BEGIN Records shown
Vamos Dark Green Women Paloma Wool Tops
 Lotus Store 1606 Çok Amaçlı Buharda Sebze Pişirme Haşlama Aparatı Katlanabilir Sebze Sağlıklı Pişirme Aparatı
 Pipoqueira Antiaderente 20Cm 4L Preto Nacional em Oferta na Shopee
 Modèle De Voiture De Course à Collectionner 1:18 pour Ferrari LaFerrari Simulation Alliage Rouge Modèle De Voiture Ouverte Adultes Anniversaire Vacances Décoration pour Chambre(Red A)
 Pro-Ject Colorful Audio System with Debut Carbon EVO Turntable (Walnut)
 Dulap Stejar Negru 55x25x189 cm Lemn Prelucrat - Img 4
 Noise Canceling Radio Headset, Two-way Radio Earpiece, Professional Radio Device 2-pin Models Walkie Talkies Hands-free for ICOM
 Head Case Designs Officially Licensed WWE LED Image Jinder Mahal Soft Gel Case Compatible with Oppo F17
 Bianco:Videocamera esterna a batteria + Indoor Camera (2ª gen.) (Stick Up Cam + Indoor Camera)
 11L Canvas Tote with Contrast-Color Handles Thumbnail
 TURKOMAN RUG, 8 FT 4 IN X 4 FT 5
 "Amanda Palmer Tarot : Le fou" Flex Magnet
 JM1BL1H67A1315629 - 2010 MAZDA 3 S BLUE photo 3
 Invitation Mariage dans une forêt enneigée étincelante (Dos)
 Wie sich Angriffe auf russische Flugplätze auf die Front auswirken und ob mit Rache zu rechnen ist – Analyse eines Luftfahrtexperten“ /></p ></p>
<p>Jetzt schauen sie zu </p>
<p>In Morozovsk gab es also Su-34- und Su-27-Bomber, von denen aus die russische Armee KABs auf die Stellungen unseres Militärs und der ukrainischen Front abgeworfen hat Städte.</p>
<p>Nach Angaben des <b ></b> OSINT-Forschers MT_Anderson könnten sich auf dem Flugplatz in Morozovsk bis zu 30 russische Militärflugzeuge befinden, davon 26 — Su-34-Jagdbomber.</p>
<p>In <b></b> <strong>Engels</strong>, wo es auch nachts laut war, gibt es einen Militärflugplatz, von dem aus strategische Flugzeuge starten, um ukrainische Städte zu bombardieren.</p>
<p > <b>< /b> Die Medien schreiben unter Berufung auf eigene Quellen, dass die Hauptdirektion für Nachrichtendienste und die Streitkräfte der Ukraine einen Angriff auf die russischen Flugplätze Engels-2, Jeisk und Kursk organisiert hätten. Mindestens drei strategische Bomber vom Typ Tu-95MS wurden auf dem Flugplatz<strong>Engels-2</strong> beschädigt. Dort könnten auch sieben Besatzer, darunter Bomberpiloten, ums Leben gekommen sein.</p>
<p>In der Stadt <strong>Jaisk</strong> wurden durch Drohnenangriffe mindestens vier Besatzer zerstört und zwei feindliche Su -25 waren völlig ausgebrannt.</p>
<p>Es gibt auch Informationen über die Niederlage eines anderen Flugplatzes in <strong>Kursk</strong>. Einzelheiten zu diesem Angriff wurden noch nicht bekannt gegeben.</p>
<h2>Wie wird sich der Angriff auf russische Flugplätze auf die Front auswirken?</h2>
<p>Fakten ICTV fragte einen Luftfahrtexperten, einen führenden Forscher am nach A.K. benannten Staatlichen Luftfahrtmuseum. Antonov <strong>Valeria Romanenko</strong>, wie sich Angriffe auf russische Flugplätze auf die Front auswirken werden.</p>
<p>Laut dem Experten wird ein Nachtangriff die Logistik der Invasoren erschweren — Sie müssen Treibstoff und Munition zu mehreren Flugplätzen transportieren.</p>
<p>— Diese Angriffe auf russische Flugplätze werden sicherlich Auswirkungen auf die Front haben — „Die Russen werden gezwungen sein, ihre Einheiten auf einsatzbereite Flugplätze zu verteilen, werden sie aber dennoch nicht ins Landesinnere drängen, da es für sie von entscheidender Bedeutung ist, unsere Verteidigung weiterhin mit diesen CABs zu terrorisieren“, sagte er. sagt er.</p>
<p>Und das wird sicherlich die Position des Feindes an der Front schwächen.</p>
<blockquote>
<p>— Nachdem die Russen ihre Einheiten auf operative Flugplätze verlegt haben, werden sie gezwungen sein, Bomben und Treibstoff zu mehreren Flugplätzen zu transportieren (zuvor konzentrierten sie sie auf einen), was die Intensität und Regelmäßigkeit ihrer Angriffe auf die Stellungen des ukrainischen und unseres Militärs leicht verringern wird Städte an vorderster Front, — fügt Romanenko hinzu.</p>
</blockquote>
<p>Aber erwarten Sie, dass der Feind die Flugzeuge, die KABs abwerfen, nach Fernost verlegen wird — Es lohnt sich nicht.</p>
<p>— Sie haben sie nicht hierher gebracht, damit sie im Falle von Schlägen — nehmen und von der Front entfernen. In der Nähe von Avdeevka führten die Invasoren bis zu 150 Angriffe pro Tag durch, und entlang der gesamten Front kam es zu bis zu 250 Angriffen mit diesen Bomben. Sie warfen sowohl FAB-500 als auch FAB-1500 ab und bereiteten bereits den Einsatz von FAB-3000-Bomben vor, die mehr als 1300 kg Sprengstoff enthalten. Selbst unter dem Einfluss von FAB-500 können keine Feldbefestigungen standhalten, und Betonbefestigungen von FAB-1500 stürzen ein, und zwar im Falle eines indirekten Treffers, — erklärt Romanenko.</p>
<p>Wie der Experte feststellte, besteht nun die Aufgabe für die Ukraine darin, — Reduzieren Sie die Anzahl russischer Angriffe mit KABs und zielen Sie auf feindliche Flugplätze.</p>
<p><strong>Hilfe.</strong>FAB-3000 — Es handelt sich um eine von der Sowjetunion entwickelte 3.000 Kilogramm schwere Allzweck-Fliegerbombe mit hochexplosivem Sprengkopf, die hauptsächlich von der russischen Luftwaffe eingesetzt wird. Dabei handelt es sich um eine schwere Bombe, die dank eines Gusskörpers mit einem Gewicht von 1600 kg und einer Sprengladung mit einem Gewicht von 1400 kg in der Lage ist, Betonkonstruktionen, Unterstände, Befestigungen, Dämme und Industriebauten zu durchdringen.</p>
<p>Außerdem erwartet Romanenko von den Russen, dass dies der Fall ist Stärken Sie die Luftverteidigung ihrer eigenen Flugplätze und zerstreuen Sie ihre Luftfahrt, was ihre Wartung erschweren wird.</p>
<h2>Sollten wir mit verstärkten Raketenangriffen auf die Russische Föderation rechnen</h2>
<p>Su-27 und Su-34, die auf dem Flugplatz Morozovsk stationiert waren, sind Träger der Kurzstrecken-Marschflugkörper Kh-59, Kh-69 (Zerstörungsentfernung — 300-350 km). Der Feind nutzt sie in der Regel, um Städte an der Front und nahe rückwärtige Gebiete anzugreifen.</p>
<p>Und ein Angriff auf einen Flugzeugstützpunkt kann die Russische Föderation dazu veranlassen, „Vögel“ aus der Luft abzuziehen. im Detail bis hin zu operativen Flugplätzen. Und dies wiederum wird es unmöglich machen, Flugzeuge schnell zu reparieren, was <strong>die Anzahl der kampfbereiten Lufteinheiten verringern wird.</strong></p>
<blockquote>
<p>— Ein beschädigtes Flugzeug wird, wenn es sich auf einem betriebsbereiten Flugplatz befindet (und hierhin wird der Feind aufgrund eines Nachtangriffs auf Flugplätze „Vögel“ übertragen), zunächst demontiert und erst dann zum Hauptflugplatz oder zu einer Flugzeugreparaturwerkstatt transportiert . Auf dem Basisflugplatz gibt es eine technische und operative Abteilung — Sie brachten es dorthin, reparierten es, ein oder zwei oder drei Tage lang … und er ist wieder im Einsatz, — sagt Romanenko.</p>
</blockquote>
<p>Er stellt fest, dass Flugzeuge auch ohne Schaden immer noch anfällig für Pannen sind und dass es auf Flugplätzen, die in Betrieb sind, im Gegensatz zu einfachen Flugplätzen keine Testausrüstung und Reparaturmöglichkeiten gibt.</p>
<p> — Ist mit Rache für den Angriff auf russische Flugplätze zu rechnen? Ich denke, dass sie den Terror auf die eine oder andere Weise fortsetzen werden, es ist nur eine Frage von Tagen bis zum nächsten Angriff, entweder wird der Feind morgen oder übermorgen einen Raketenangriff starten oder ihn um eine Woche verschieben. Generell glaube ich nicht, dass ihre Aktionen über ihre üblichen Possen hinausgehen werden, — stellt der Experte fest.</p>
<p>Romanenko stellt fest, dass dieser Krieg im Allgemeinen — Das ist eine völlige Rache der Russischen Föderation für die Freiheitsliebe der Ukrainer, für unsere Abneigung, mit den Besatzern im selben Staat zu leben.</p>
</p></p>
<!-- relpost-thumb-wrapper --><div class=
END Records shown
What you will do: Search the data above for lines holding "transportieren" and copy each of them.

Answer to the problem:
<p>Laut dem Experten wird ein Nachtangriff die Logistik der Invasoren erschweren — Sie müssen Treibstoff und Munition zu mehreren Flugplätzen transportieren.</p>
<p>— Nachdem die Russen ihre Einheiten auf operative Flugplätze verlegt haben, werden sie gezwungen sein, Bomben und Treibstoff zu mehreren Flugplätzen zu transportieren (zuvor konzentrierten sie sie auf einen), was die Intensität und Regelmäßigkeit ihrer Angriffe auf die Stellungen des ukrainischen und unseres Militärs leicht verringern wird Städte an vorderster Front, — fügt Romanenko hinzu.</p>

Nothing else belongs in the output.